The data profiling process generates statistical and intermediate data that is required by other data analytic processes. The intermediate data is consumed by downstream processes such as data flow and foreign key detection.

The intermediate data generated for each column of data includes:

  • Roaring Bitset

    A bitmap of the hash values for all entries in the column.

  • HyperLogLog (HLL)

    Provides an estimate of the cardinality of the data, with a roughly ~2% margin of error.

  • Data Pattern Analysis

    Performs a rudimentary data pattern analysis using dimensional reduction, tracking the most frequently occurring patterns.

  • Data Quality Pre-Analysis

    Using the Data Pattern Analysis results, Data Catalog performs a statistical estimation of the data quality is performed. This is summarized as an overall percentage as well as a heat map for each data pattern. Additionally, Data Catalog makes RegEx recommendations for the most probable matches.

  • Statistics

    Data Catalog gathers the following statistics when examining all the data:

    • Minimum and Maximum values (for numeric columns)
    • Widest and Narrowest (non-null) string widths
    • Null count
    • Total row count
  • Data Sampling

    Data Catalog takes a controlled sampling of the data so that the samples are consistently chosen across different columns.

Data identification

The data identification process uses dictionaries and data pattern analysis to automatically classify data, applying tags defined in dictionary and pattern configuration files. In addition to the dictionaries and patterns included with Data Catalog, you can create your own dictionaries and pattern analysis configuration files to better suit your organization's needs.

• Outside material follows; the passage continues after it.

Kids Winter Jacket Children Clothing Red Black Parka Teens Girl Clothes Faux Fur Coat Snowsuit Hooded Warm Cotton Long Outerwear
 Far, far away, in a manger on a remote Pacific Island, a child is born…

You can use the data patterns to help identify (or to disqualify) data of a certain type.

Data pattern analysis

Fundamental to data quality analysis is either the use of a regular expression to check data, or to statistically analyze the data itself to find patterns and outlier patterns (which could indicate bad data).

The data identification process generates roughly the top 20 most common patterns which capture the characteristics of the data. You can then use these patterns, along with their statistical frequency and supplementary information, to generate regular expression (RegEx) recommendations for your data. You can tune the RegEx to meet your specific needs. Or you can select the valid patterns, so that subsequent data quality checks will identify any data entries that are outside the accepted patterns.

After running data identification, you can use the Galaxy View feature to visualize the data tagging, identify the data flow, locate your data, and view the sensitivity and security of that data.